“A sensation of deep slumber” – Dod Procter’s ‘Early Morning’ revisited

This Tuesday’s Bite-size Museum Talk by Dr Alexandra Loske will focus on Dod Procter’s painting Early Morning (1927), on display in the Fine Art Gallery at Brighton Museum. Dr Alexandra Loske will discuss the timeless appeal of this painting. almost minimalist painting  showing a woman lying, dressed in white, on white sheets – perhaps sleeping, perhaps daydreaming – drenched in warm morning light.

Below is an updated version of Dr Loske’s previous post on Doc Procter

Early Morning by Dod Procter, 1927
Early Morning by Dod Procter, 1927

Dod Procter’s Early Morning is an almost minimalist painting showing a woman lying, dressed in white, on white sheets – perhaps sleeping, perhaps daydreaming – drenched in warm morning light.

Brighton Museum’s painting is a second, smaller version of Procter’s famous Morning from 1926, which was displayed at the Royal Academy Summer Exhibition in 1927. It was voted Picture of the Year and purchased for £300 by the Daily Mail for the Tate Gallery, where it still hangs. It proved so popular that it toured the country shortly after it was first shown and was even displayed in America, where a magazine described it as ‘pure sincerity of workmanship’, expressing ‘a sensation of deep slumber’.

Model Cissie Barnes from a 1927 newspaper. Image courtesy of Annie Barnes.
Model Cissie Barnes from a 1927 newspaper. Image courtesy of Annie Barnes.

The model was Cissie Barnes, a young girl from Newlyn, Cornwall, where Procter, born Doris (‘Dod’) Shaw in 1892, had attended the Forbes’ School of Painting from 1907 onwards.  She met her future husband Ernest at the Forbes’ School, himself a gifted and popular artist, and they married there in 1912. At Newlyn she also forged a friendship with the painter Laura Knight, who would later become the first female Royal Academician since the first two female founding members, Angelica Kauffman and Mary Moser in 1768. A painting by Laura Knight in our collection, The Ballet Shoe (c.1932), currently hangs next to Early Morning.

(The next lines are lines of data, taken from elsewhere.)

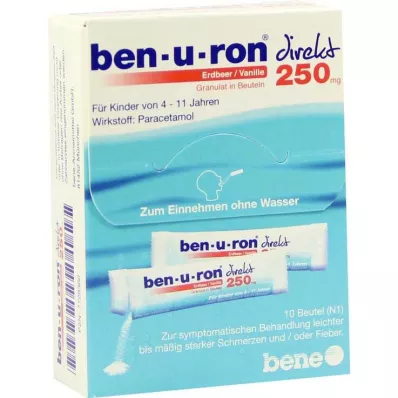 Ben-U-Ron direkt 250 mg Granulat Erdbeer / Vanille, 10 St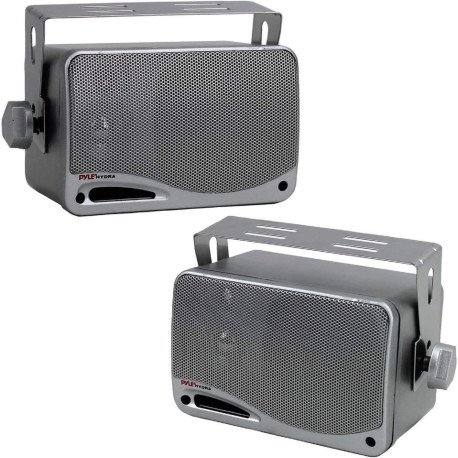 Pyle 3-Way Waterproof Marine Box Speakers - 3.5" 200 Watt
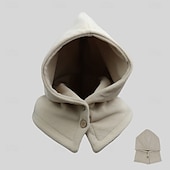 cheap Home Hats-Unisex Fleece Warm Cap For Winter, Windproof Hat, Outdoor Neck Warmer Thickened Head Cover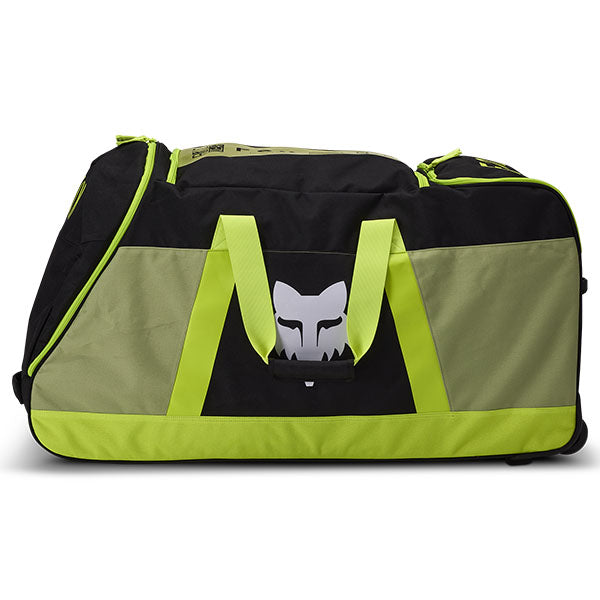 Fox Racing Shuttle 180 Race Spec Roller Gearbag SKU 32513 Pale Green interior view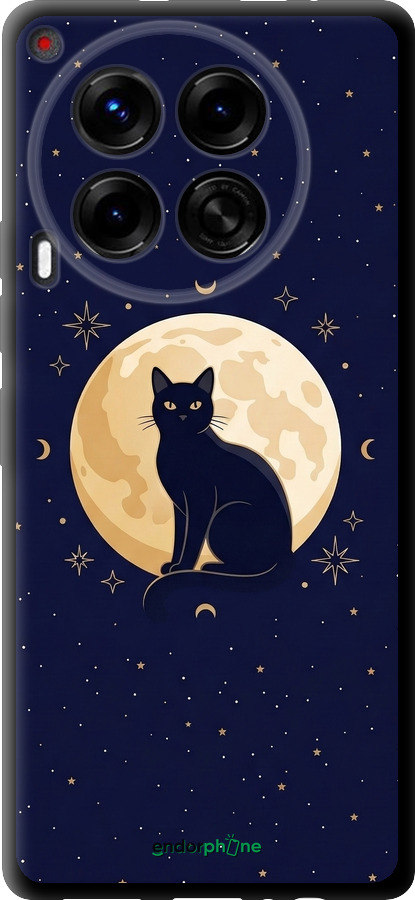 TPU чехол Cute Cat Celestial/Witchy для Tecno Camon 30 4g - 6787b-3712 изображение 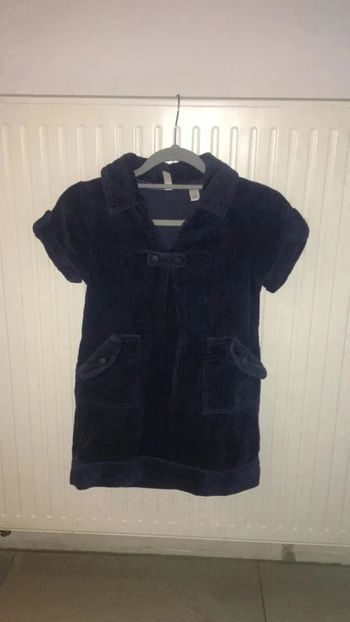 Robe velours côtelé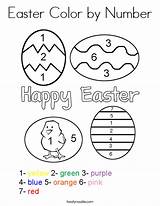 Easter Number Color Coloring Pages Worksheets Numbers Preschool Egg Mini Colors Bunny Twistynoodle Colouring Kids School Built California Usa sketch template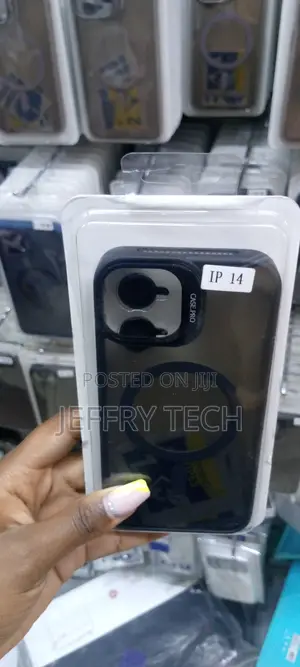 Magsafe Clear Case With Metal Ring Lens +Stand for iPhone 14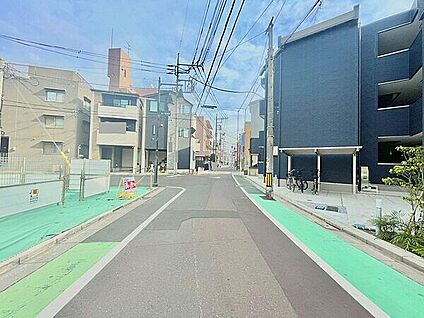 前面道路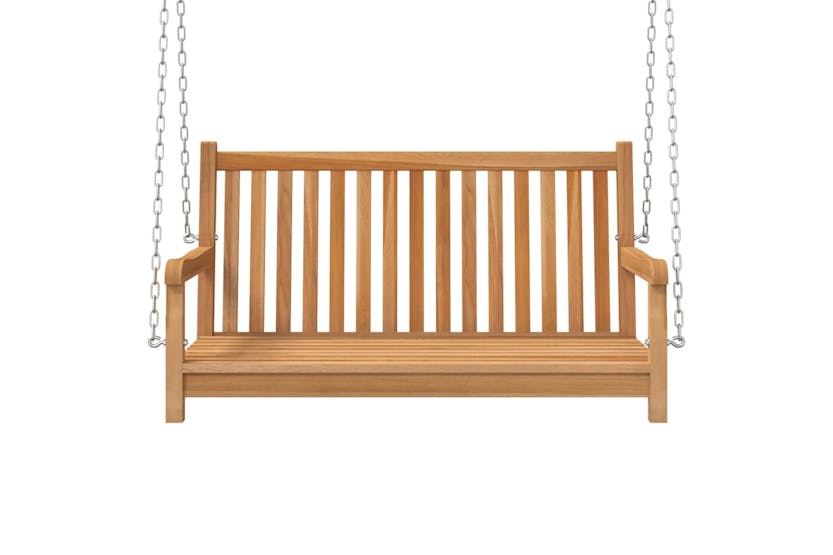 Vidaxl 316628 Swing Bench Solid Teak Wood 114x60x64 Cm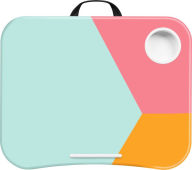 Title: Cup Holder Lap Desk, Color Block Pink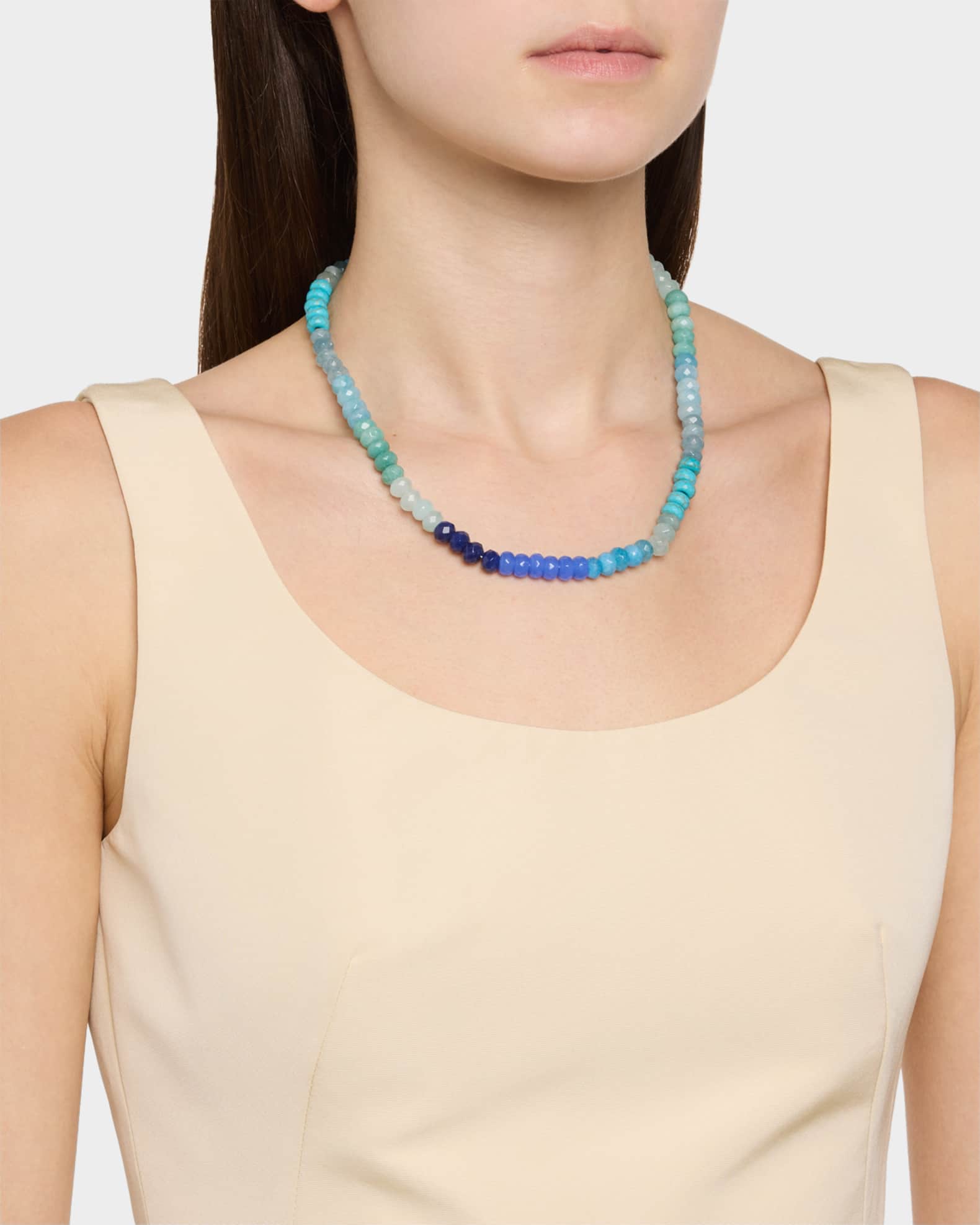 Semi-Precious Beaded Necklace 1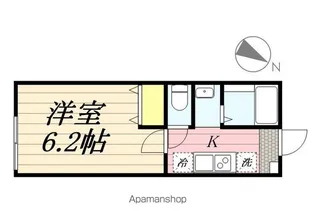 サンズパーク常盤平【1階】の間取り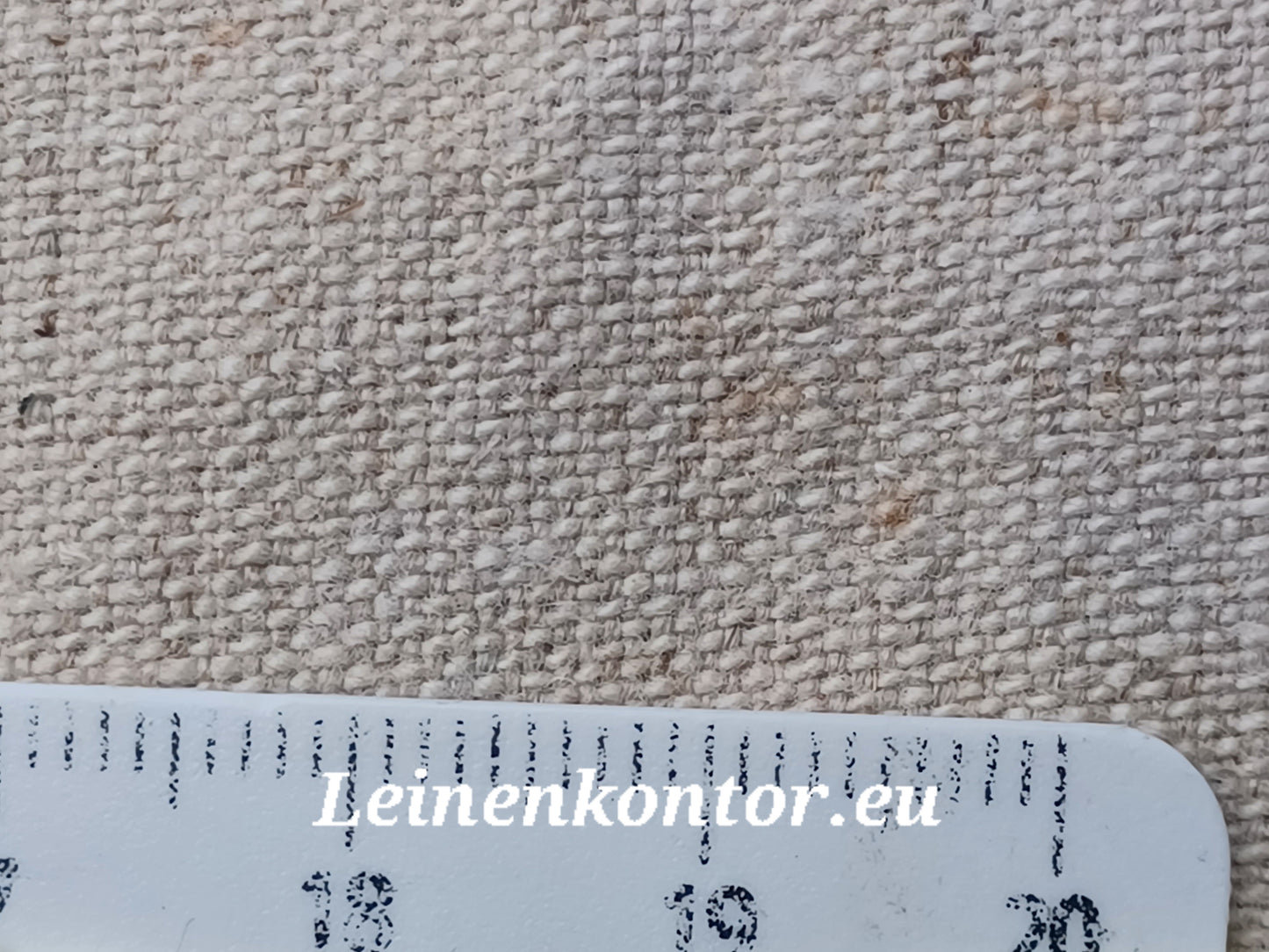 Leinenballen mit Millimeterskala 15 Fäden auf ein cm.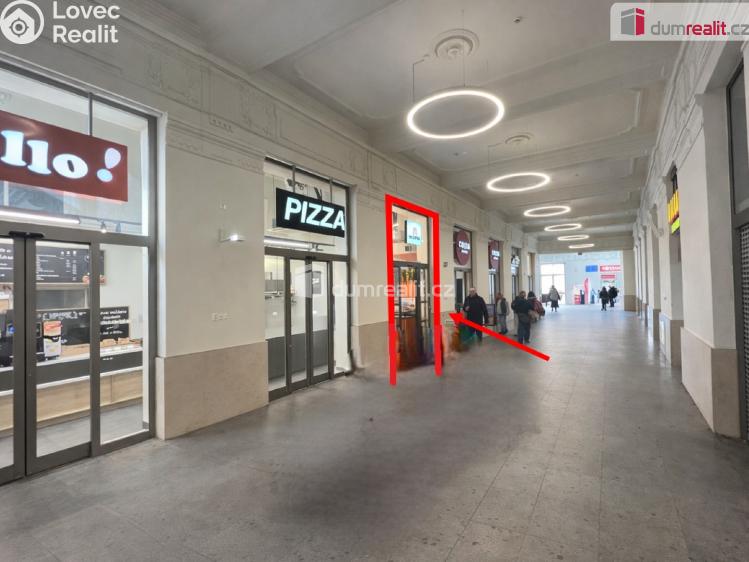 Pronájem obchodního prostoru Brno, Nádražní č. 1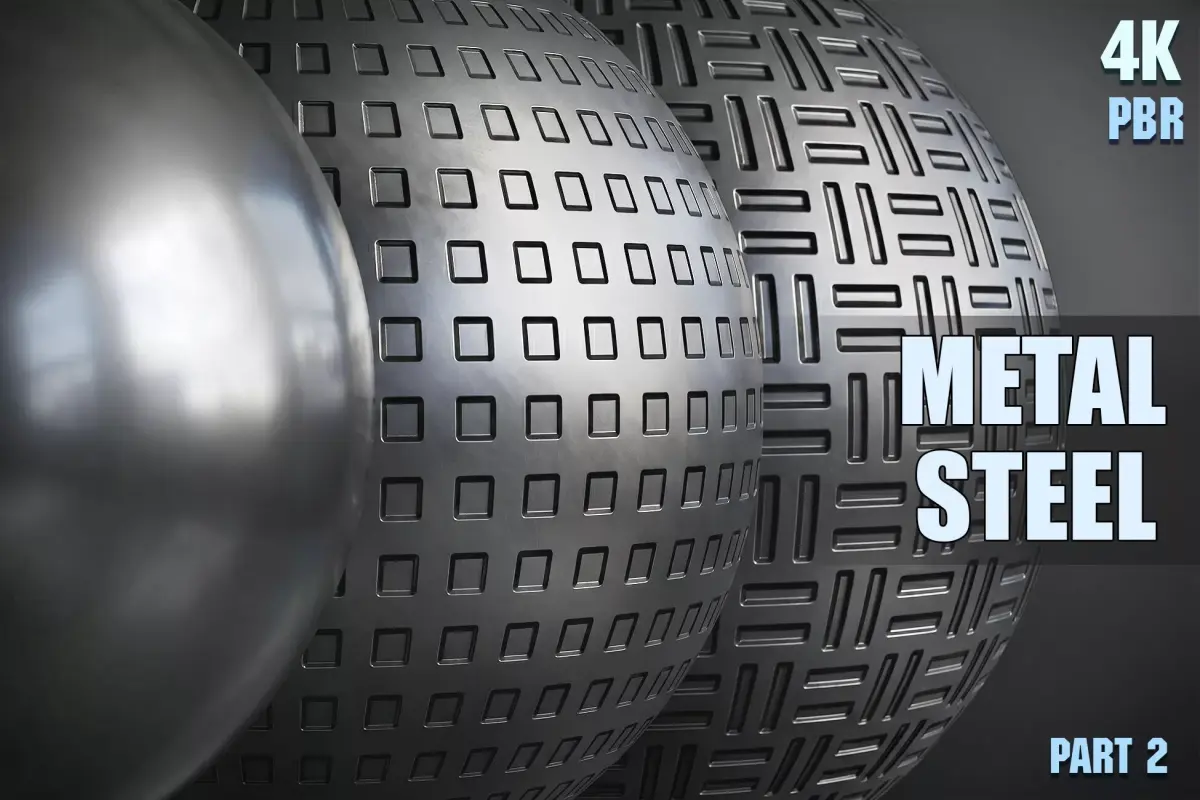 PBR Steel Part 2 Texture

Both Ernest and Dod Procter also studied briefly in Paris at the Académie Colarossi, one of the few art schools where female students were allowed to attend life drawing classes. Other famous students included the sculptor Camille Claudel and, later, Henry Moore. In Paris Dod Procter developed a strong interest in figure painting and her favourite subject throughout her career was undoubtedly the single female figure. Influenced by the French Impressionists and Post-Impressionists, in particular Pierre-Auguste Renoir, she paid great attention to light and bright colours in her work. The women in Procter’s paintings usually fill most of the picture plane, are shown in a state of silent reflection, and often wear deliberately simple clothes that make little or no reference to current fashion. Instead, there is a monumentality, strength and stillness to her figures that is accentuated by the use of clothes as mere drapery, reminiscent of classical or even funereal sculpture.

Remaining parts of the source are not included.